Data and metadata standards¶
X-ray diffraction
- There are no widely accepted standards for X-ray raw data files. Generally these are stored and archived in the Vendor’s native formats. Metadata is stored in CBF/imgCIF format (see also Catalogue of Metadata Mesources for Crystallographic Applications).
- Processed structural information is submitted to structural databases in the PDBx/mmCIF format.
Electron microscopy
- Data archiving and validation standards for cryo-EM maps and models are coordinated internationally by EMDataResource (EMDR).
- Cryo-EM structures (map, experimental metadata, and optionally coordinate model) are deposited and processed through the wwPDB OneDep system, following the same annotation and validation workflow also used for X-ray crystallography and nuclear magnetic resonance (NMR) structures. EMDB holds all workflow metadata while PDB holds a subset of the metadata.
- Most electron microscopy data is stored in either raw data formats (binary, bitmap images, tiff, etc.) or proprietary formats developed by vendors (dm3, emispec, etc.).
- Processed structural information is submitted to structural resources as PDBx/mmCIF.
- Experimental metadata are described in EMDR, see also Lawson et al 2020
NMR
- There are no widely accepted standards for NMR raw data files. Generally these are stored and archived in single FID/SER files.
- One effort for the standardization of NMR parameters extracted from 1D and 2D spectra of organic compounds to the proposed chemical structure is the NMReDATA initiative format.
- There is no universally accepted format, especially for crucial FID-associated metadata.
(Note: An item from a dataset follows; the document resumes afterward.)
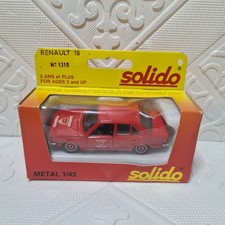 1:43 Solido no 1318 Renault 18 pompiers fire car   boxed diecast model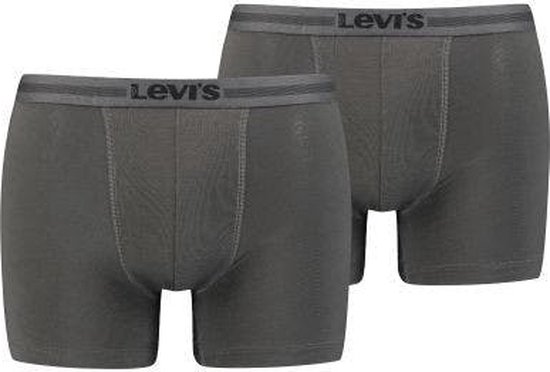 Levi's Lange short - 2 Pack 005 Antraciet - maat XXL (XXL) - Heren Volwassenen - Lyocell- 701203926-005-XXL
NMR-STAR and its NMR-STAR Dictionary is the archival format used by the Biological Nuclear Magnetic Resonance data Bank (BMRB), the international repository of biomolecular NMR data and an archive of the Worldwide Protein Data Bank (wwPDB).
- The nmrML format specification (XML Schema Definition (XSD) and an accompanying controlled vocabulary called nmrCV) is an open mark up language and ontology for NMR data (PhenoMeNal H2020 project, 2019).
- Processed structural information is submitted in the PDBx/mmCIF format.
Neutron scattering
- ENDF/B-VI of Cross-Section Evaluation Working Group (CSEWG) and JEFF of OECD/NEA have been widely utilized in the nuclear community. The latest versions of the two nuclear reaction data libraries are JEFF-3.3 and ENDF/B-VIII.0 (Brown et al., 2018) with a significant upgrade in data for a number of nuclides (Carlson et al., 2018).
- Neutron scattering data are stored in the internationally-adopted ENDF-6 format maintained by CSEWG.
- Processed structural information is submitted in the PDBx/mmCIF format.
Molecular Dynamics (MD) simulations
- Raw trajectory files containing all the coordinates, velocities, forces and energies of the simulation are stored as binary files: .trr, .dcd, .xtc and .netCDF
- Refined structural models from experimental structural data using MD simulations are stored in .pdb format
Computer-aided drug design data
- Virtual screening results are stored in 3D chemical data formats such as .pdb
- Structural formulas either in SMILES or IUPAC International Chemical Identifier (InChi), and identified through InChIKey, a non-proprietary identifier for chemical substances (Heller et al., 2015).